Fake Bankruptcy (Fraudulent) and List of Bankruptcies that make a lot of Noises

Fake bankruptcy white collar crime

Fake Bankruptcy

Fake bankruptcy is not very easy to detect. Bankruptcy is said to be “fraudulent” when the “bankrupt” declares himself bankrupt while concealing part of the assets for his benefit and/or for the benefit of other persons, or if he is found to be a debtor of sums he should not have.

The bankrupt can be a legal person under private law or a commercial entity, such as a group of craftsmen, a manager, an officer, a liquidator, head(s) of an agricultural cooperative, a firm, an industrial group or even a company, multinational or one of its subsidiaries, etc.

Committing fraud before, during bankruptcy or committing fake bankruptcy can also result in serious consequences, including a denial of discharge, fines, or even criminal penalties.

Judicial aspects

Legally, we can only speak of bankruptcy when a reorganization or judicial liquidation procedure has been opened beforehand.

Fraudulent bankruptcy can be accompanied by other scams (e.g. insurance scam) or insider trading.

Hidden asset or concealed asset

In finance, a hidden asset is an asset that is not shown on a balance sheet. An example of such an asset is the US$15 billion that United Airlines’ frequent flyer program, MileagePlus, was estimated to be worth when it filed for Chapter 11 bankruptcy (United States Code).

Myths and facts: what are the consequences of bankruptcy?

There are many myths about the consequences of bankruptcy. Some say that when you go bankrupt, you lose everything. This is totally wrong! Every situation is different, but often people who go bankrupt do not lose their homes or cars.

In addition, bankruptcy is not the only solution. There are alternatives. The role of a financial recovery advisor is to help you determine the most appropriate one for you. It will inform you of all the possible solutions, their advantages and disadvantages.

If you find that bankruptcy is the best option for you, it will simply be an opportunity for a fresh start.

What are the consequences of bankruptcy in the United States?

By going bankrupt, most of your debts will be erased and this is what your creditors fear the most. This is the reason why they are willing to negotiate and often agree to be paid much less than what you owe. Better a little than nothing at all.
If you have lost your job, if your business is losing, you can no longer pay the mortgages on your house, which has lost a lot of value anyway, if you have fallen ill without medical insurance and you couldn’t pay the hospital bills, if your creditors are getting seriously impatient, you should probably consider bankruptcy.
Don’t feel guilty, society has built this loophole that will allow you to start over. You won’t be the only one.

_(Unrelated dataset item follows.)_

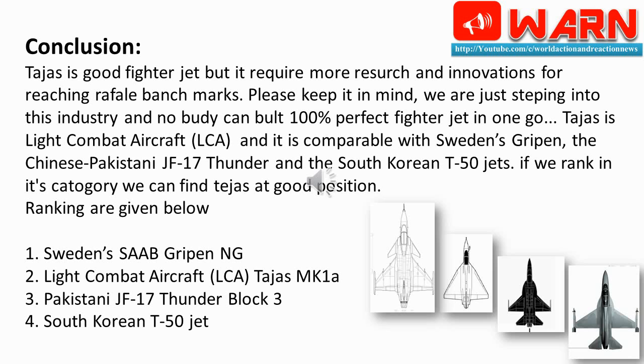Rankings in its category: 1. Sweden's Saab Gripen NG; 2. Light Combat Aircraft (LCA) Tejas Mk-1A; 3. Pakistani JF-17 Thunder Block 3; 4. South Korean T-50 jet.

The white collar equivalent of a bank robbery is probably a fraudulent bankruptcy. Basically, here are the steps to achieve this fake bankruptcy:

  • An entrepreneur creates or, better still, takes control of a company endowed, preferably, with an excellent credit rating.
  • She/He begins to build up stocks by taking advantage, at the start, of the credit granted to him by suppliers.
  • At first, business seems to be going normally, enough in fact for the entrepreneur to be able to obtain, in addition to the growing credit granted to him by suppliers, a bank loan.
  • The entrepreneur is rapidly increasing her/his stocks.
  • She/He sells them in cash on the black market, hides the money and then declares bankruptcy, passing on his losses to the suppliers or the bank, or both.
  • Read also: Embezzlement is Type of Financial Fraud

Example of this modus operandi:

  • Many recruiters have also invested;
  • Recruiters used their personal and business connections to solicit investors;
  • Investors received bogus monthly reports that attested to transactions;
  • Company went so far as to declare annual sales of $2 billion and assets of $500 million in a certain year when in reality, the value of its annual transactions never exceeded $300 million and that of its assets, $100 million;
  • Investors from xxxx or who were on vacation could visit the facilities to see the warehouses full of goods and the trucks coming and going;
  • Early investors enjoyed very high rates of return from the money that came in from new investors.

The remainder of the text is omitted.